■ **Description of the task**
From the entries below, reproduce exactly the lines from the one with "Astera 100 gr" through the one with "Miss Announcer Chapter 44 - page 62", both included, without images.

■ **Entries shown**
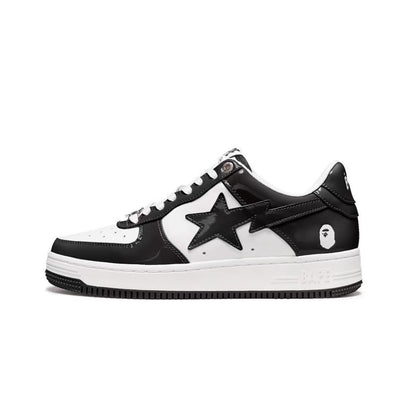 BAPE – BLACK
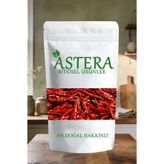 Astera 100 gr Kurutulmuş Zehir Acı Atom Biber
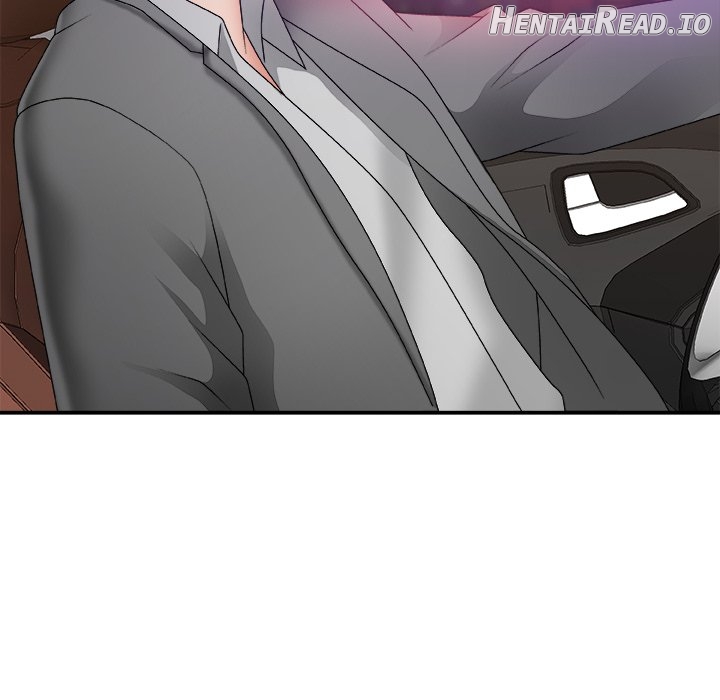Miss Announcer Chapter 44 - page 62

---

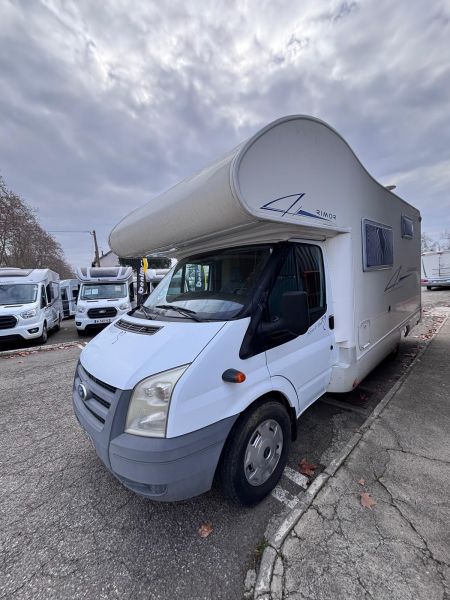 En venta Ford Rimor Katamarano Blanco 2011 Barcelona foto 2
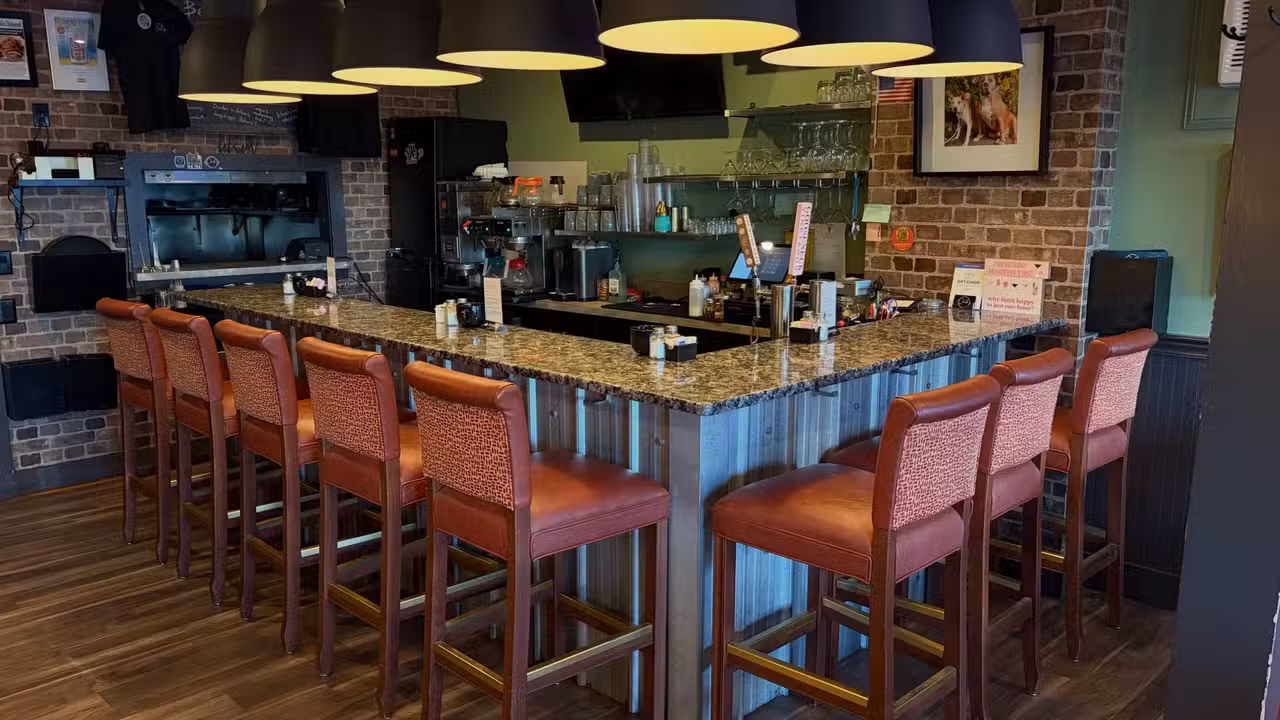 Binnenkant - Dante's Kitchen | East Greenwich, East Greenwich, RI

■ **Task result**
 Astera 100 gr Kurutulmuş Zehir Acı Atom Biber
Miss Announcer Chapter 44 - page 62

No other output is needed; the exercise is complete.